_TASK GOAL_
How many lines in the data below include the word "Kids"? Respond with the number, nothing more.

_INPUT MATERIAL_
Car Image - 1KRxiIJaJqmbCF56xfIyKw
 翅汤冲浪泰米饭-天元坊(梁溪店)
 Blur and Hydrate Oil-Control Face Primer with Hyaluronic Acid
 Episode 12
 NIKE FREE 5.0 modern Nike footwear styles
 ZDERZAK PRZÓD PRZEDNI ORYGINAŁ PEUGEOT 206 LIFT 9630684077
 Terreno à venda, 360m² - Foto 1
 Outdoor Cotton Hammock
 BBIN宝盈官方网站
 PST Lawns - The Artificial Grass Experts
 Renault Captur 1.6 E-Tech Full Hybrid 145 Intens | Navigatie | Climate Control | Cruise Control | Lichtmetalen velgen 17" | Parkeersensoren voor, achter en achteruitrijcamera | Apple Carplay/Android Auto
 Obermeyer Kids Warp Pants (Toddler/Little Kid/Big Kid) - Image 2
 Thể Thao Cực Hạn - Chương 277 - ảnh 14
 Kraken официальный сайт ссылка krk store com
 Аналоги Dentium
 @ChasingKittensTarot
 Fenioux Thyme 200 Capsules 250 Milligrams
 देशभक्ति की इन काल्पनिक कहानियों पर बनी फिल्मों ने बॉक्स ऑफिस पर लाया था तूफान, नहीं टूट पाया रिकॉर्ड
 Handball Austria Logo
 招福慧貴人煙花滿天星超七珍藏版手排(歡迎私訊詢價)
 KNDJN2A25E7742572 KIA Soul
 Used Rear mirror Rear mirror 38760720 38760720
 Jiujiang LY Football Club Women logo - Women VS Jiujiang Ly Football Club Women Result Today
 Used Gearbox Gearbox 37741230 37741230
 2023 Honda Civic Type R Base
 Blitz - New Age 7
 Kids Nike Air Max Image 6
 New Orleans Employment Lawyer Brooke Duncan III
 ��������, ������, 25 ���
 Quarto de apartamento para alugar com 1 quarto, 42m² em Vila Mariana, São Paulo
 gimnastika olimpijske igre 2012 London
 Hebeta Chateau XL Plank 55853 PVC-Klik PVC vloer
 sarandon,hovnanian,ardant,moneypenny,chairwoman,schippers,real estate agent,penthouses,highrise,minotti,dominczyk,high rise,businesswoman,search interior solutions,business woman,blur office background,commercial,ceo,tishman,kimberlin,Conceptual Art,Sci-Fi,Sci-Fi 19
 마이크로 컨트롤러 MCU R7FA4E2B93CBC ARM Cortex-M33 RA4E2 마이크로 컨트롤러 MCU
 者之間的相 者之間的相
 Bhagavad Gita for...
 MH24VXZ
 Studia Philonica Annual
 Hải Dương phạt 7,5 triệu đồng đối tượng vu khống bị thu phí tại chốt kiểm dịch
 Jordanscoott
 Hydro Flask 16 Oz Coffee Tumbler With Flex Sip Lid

_SOLUTION BELOW_
2